Hacker News new | ask | show | jobs
by DeathArrow 33 days ago
>The blog post implies that it currently requires 96GB of VRAM.

From the Github page it seems it only supports Apple and DGX Spark. I have 128 GB of RAM and a 3090 but it probably won't work.

3 comments

FYI, llama.cpp (which antirez/ds4 is inspired by) supports system ram. E.g. [1] is a good guide for running a similar-sized model with 128gb ram and a 3090-sized GPU.

[1] https://unsloth.ai/docs/models/tutorials/minimax-m27

(Unsloth's deepseek-v4 support is still WIP)

Thanks, I can run Qwen 3.6 27B with vllm, but I was curious about antirez tool.
Have you had it getting stuck in endless loops maybe ~10-20% of the invocations? Seems it happens for both the responses and chatcompletion APIs, and no matter what inference parameters I try it happens at least for 1/10 of the requests, I've tried every compatible vLLM version + currently using it from git (#main) yet the issue persists.

Seems to happen with various quantizations too, even the NVFP4 versions and any others, so seems like a deeper issue to me, or hardware incompatible perhaps.
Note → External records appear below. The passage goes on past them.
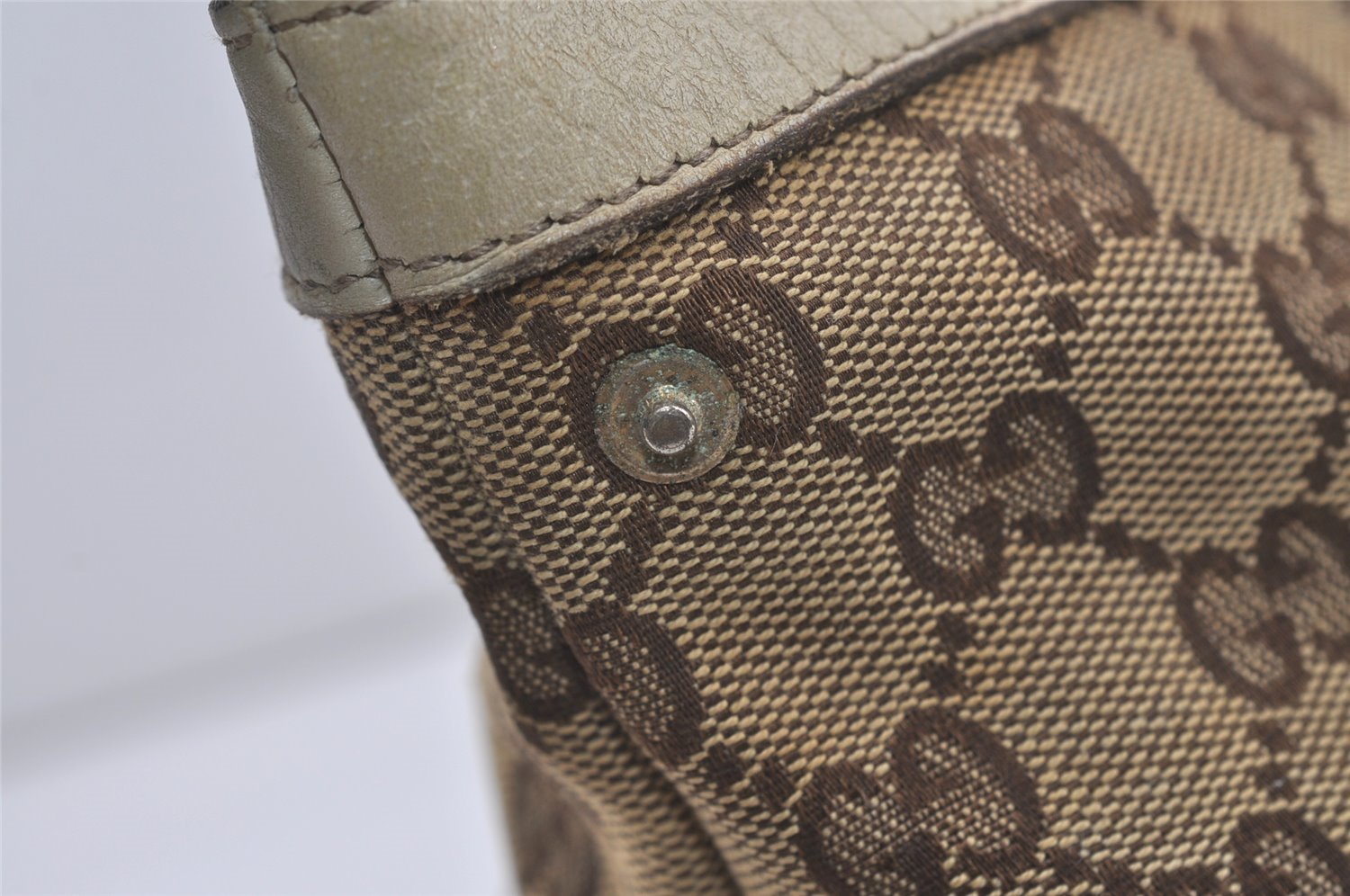 Authentic GUCCI Abbey Shoulder Tote Bag GG Canvas Leather 141470 Brown 4867I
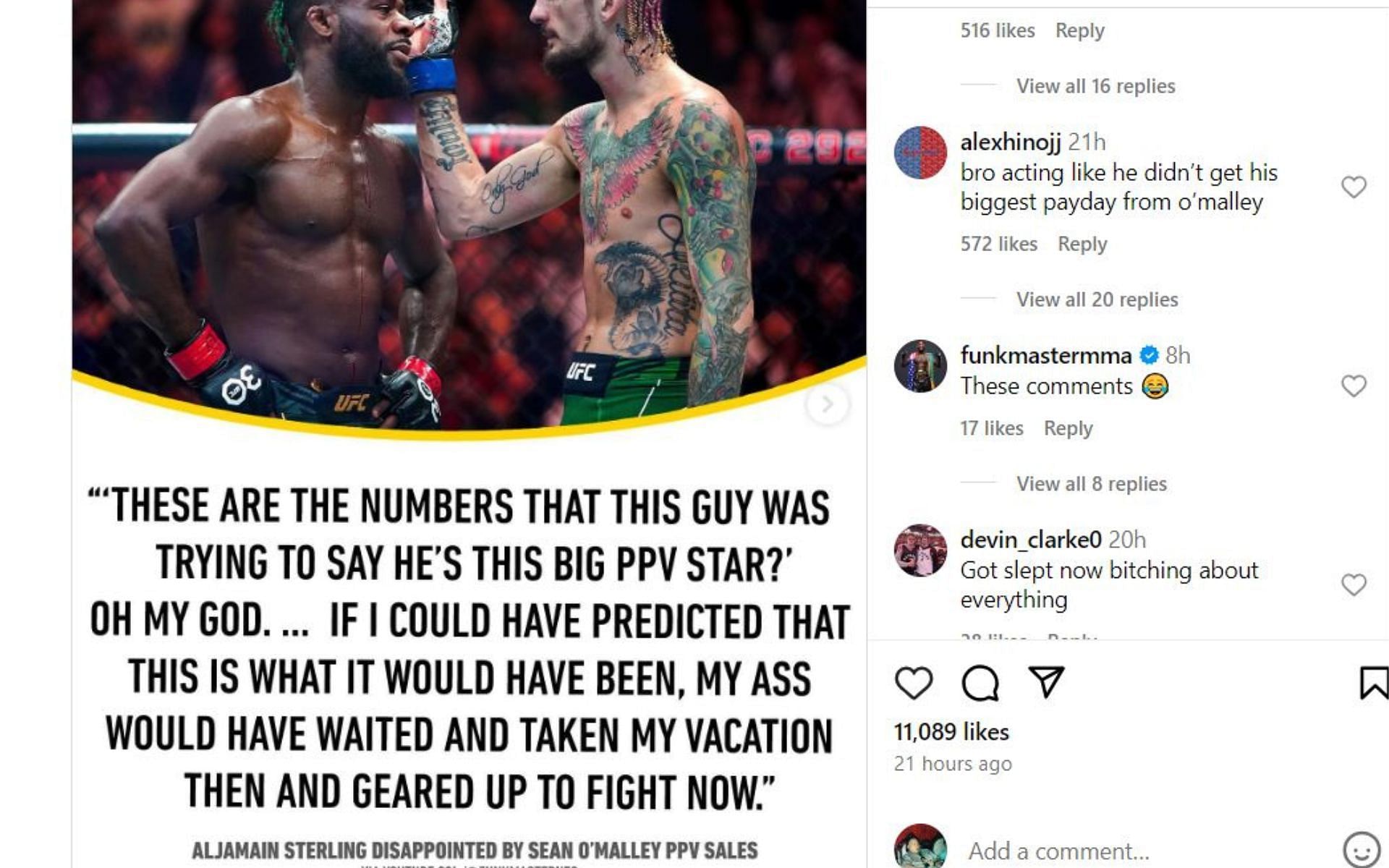 Aljamain Sterling reacts to trolling from MMA fans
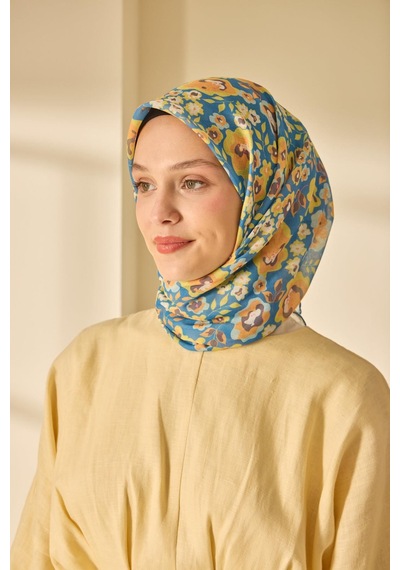Silk Home Soft Eşarp 73090-26 Gök Mavi, Sarı, Turuncu, Gri
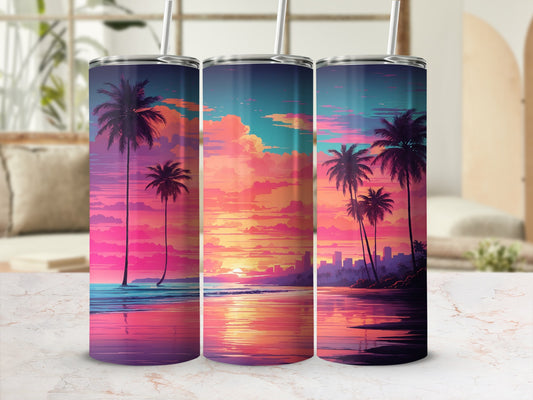 Sunset beach scene with palm trees on a cylindrical tumbler.
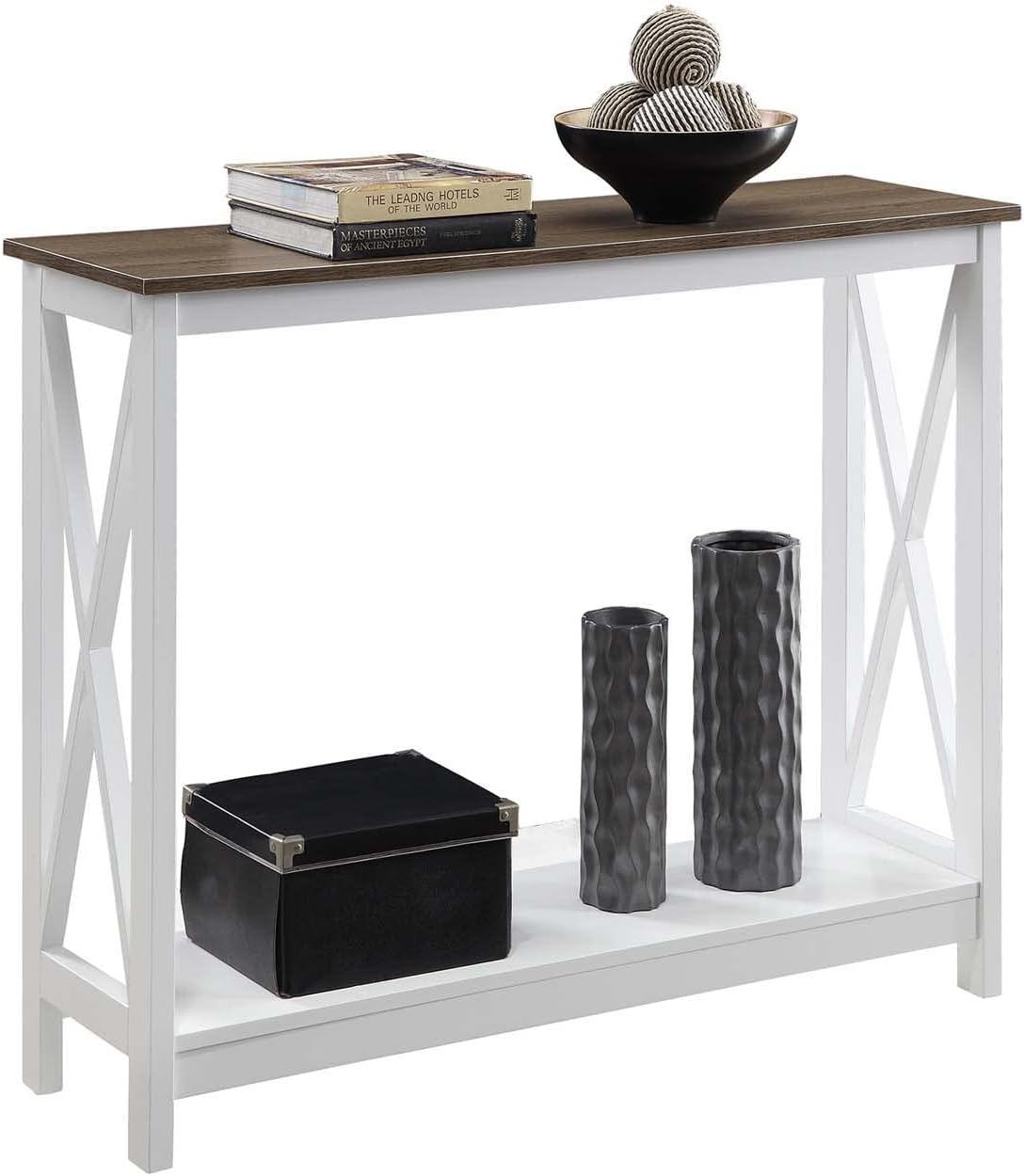 Convenience Concepts Oxford Console Table 39.5" - Sofa Table with Storage Shelf, Transitional Entryway Hall Table for Living Room and Bedroom, Display Foyer Table, Driftwood/White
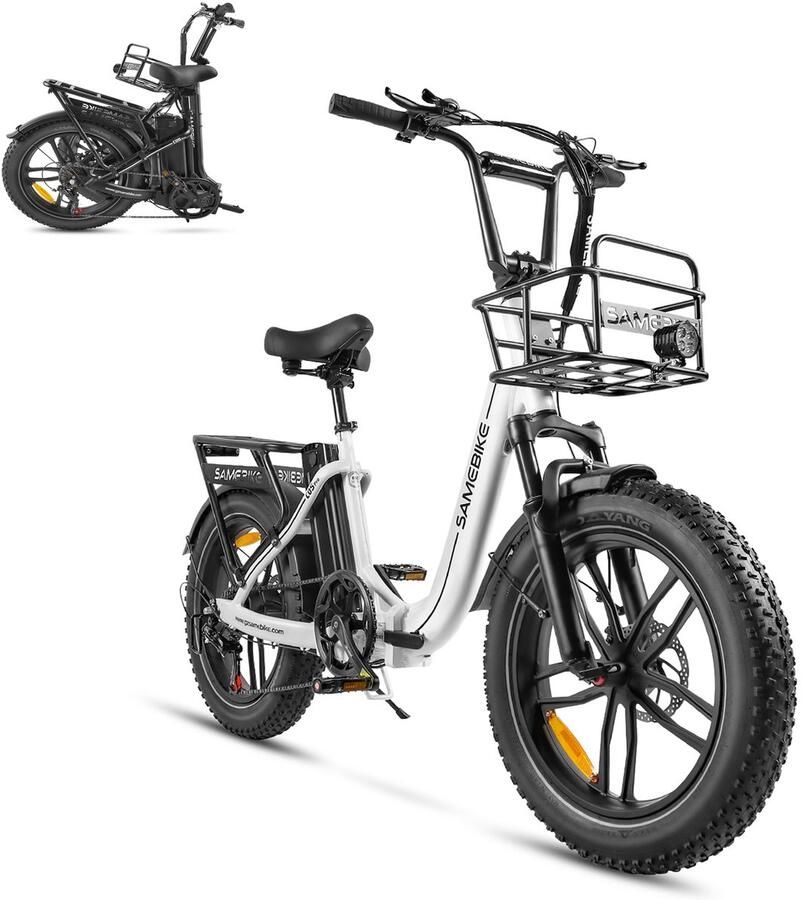 Samebike C05 Pro Elektrische Fatbike – Opvouwbare E-Bike 250W Motor 36V 13Ah Accu (70 km Bereik) 20 Inch Brede Banden Shi o 7 Versnellingen met Dubbele Vering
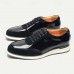 Men's Black Lace-Up Shoes in Patent Leather and Suede with White Sole Premium Cowhide Dress Shoes for Stylish Casual and Formal Wear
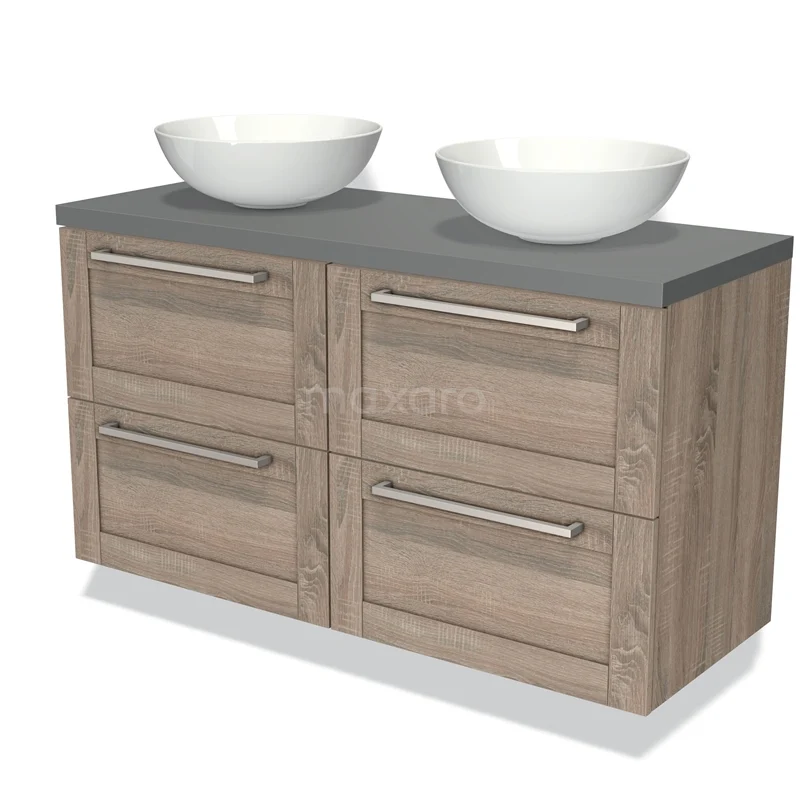 Houten badkamermeubel met grijs blad, dubbele witte waskom, vier lades met metalen grepen voor moderne badkameropslag.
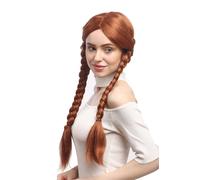 Perruque Femmes Carnaval Rouge Rouille Rouge Auburn Long Tressé Tresses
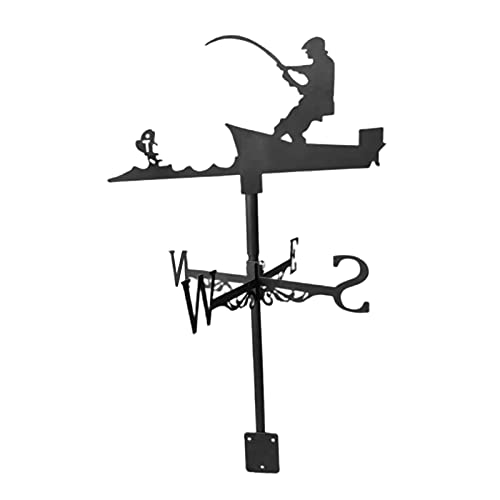 Gazechimp Wetterfahne Metall, Wetterhahn mit Segelbootform, Wetterfahne Garten Deko, Wetterfahne im Antik Stil für Gartenhaus, Windmesser fürs Dach, 34x56cm - Angler von Gazechimp
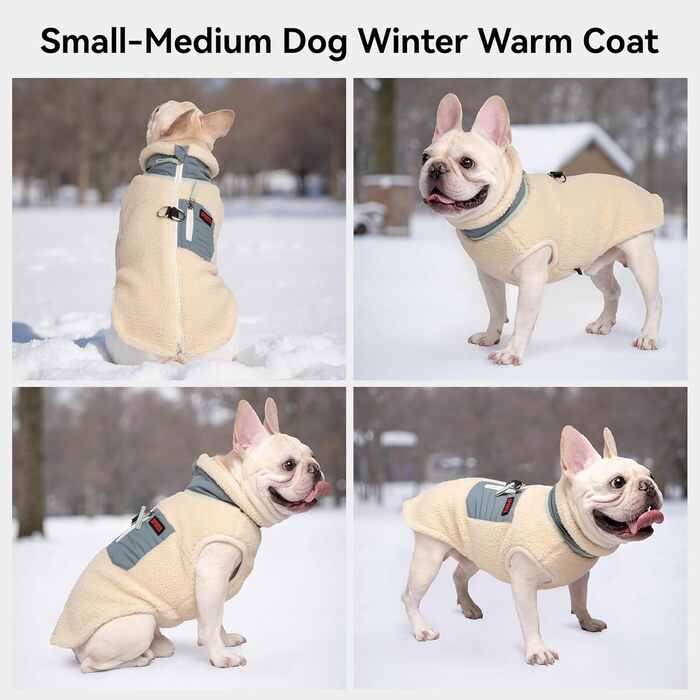 Теплий зимовий пуховик для собак FeimaX: вільний, з D-порогом, для маленьких та середніх собак (зелено-бежевий, S)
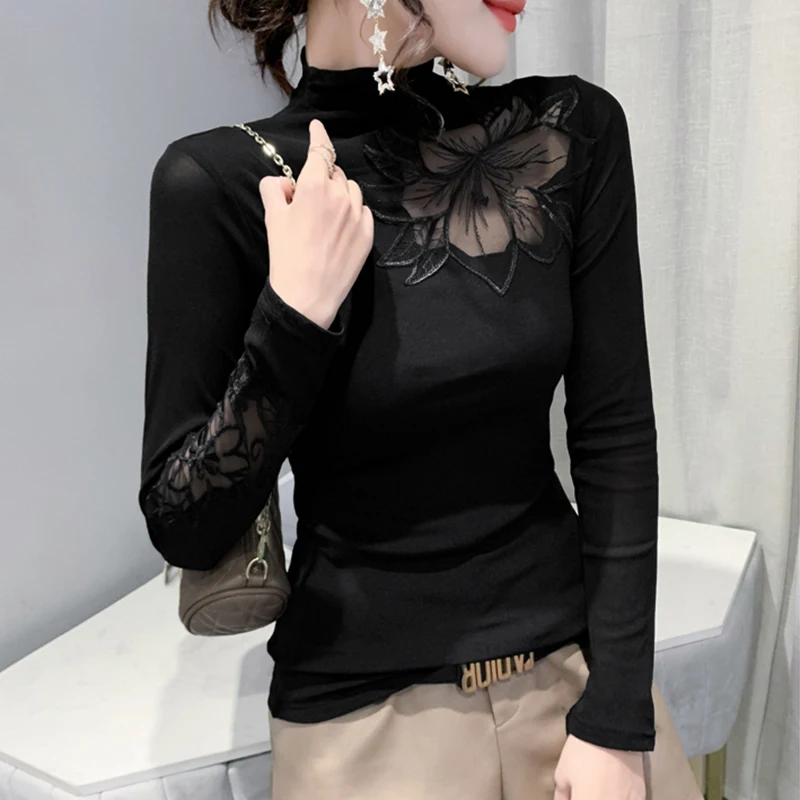 Sexy Hollow out Me Long Sve T-irt Women's f High Collar Leopard Print Faionable Top Base irt Autumn Winter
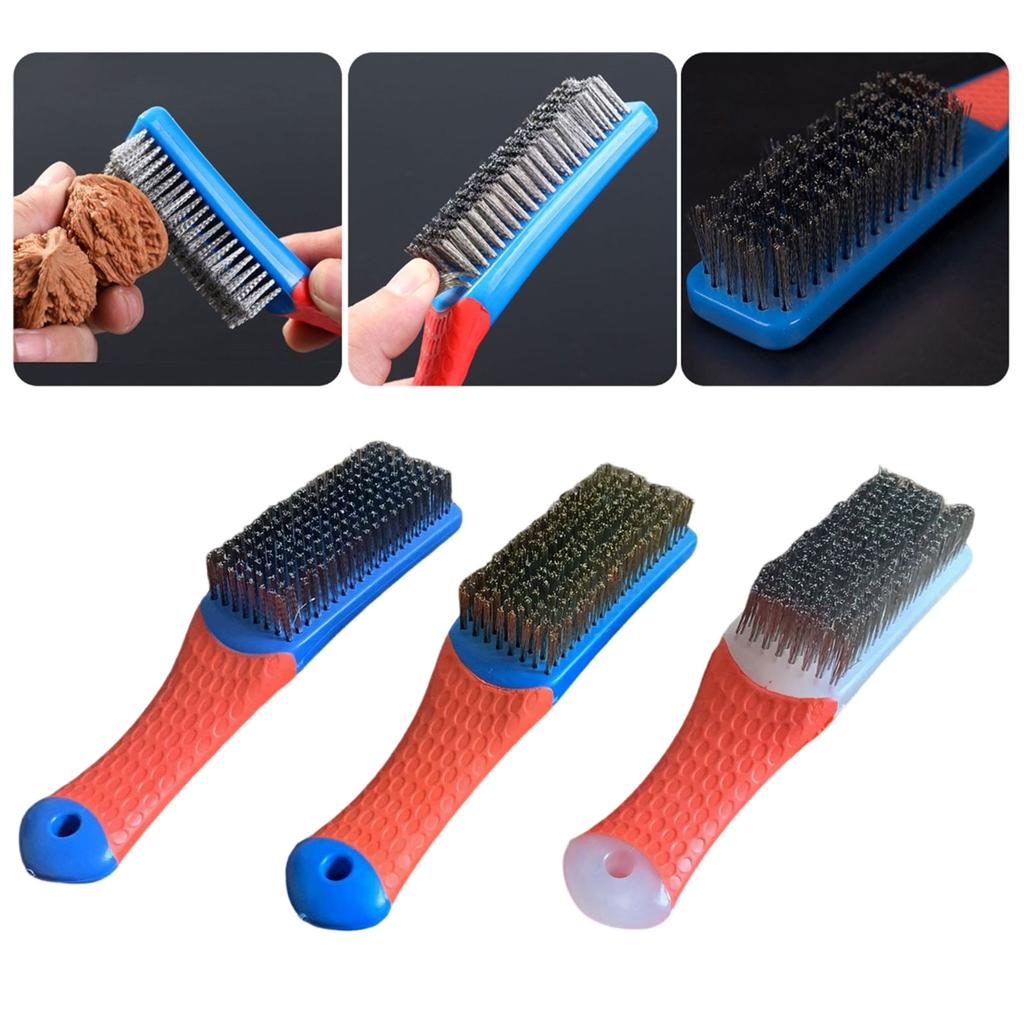 MultiFunctional Cleaning Brush Stainless Steel Copper Wire For Antique Polishing Metal Rust Removal NonSlip Handle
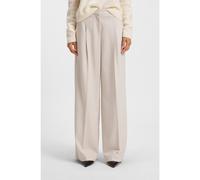 BOSS Pantalon large Regular en flanelle douce - Style Tiana4, 50548280 Naturel 48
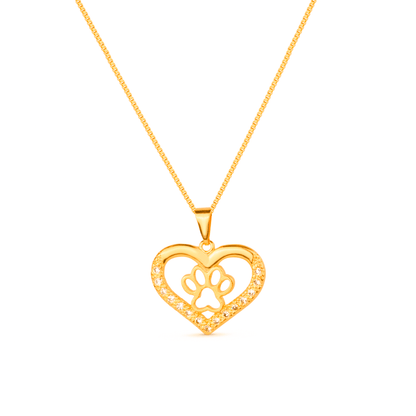 Colar Lilith Allure Dourado Chocker de Coração e Pata Pet Zircônia / Lilith Allure Gold-Plated Choker Featuring Heart and Pet Paw Pendants with Zirconia Accents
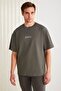 Vıto Men's 100% Organic Cotton Embroidered Text Detail Oversized Loose Fit Short Sleeve Gray T-shirt - 3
There’s a fixed version out there with corrected templates.
It wouldn’t be useful with your setup, probably 3-4 token per second.
Yep, maybe I can open a feature request if it makes sense technically.
Arguably it makes more sense technically to get the model support into llama.cpp, which provides many options for GPU+CPU split inference already.
I have an AMD 3995wx and 128GB DDR4 3200 I can load the Q2 and using -t 64 can get around 4 t/s out of the box. Havent tried any other configs yet.

I do not think it can use multi-gpu or gpu/cpu offloading at this time.

That sounds memory bandwidth limited. Does the total t/s decode throughput improve by running multiple sessions in parallel?

(Note, that's total not per-session. Tok/s figures per session will initially tank since you're using the same total mem bandwidth to load incrementally more active params.)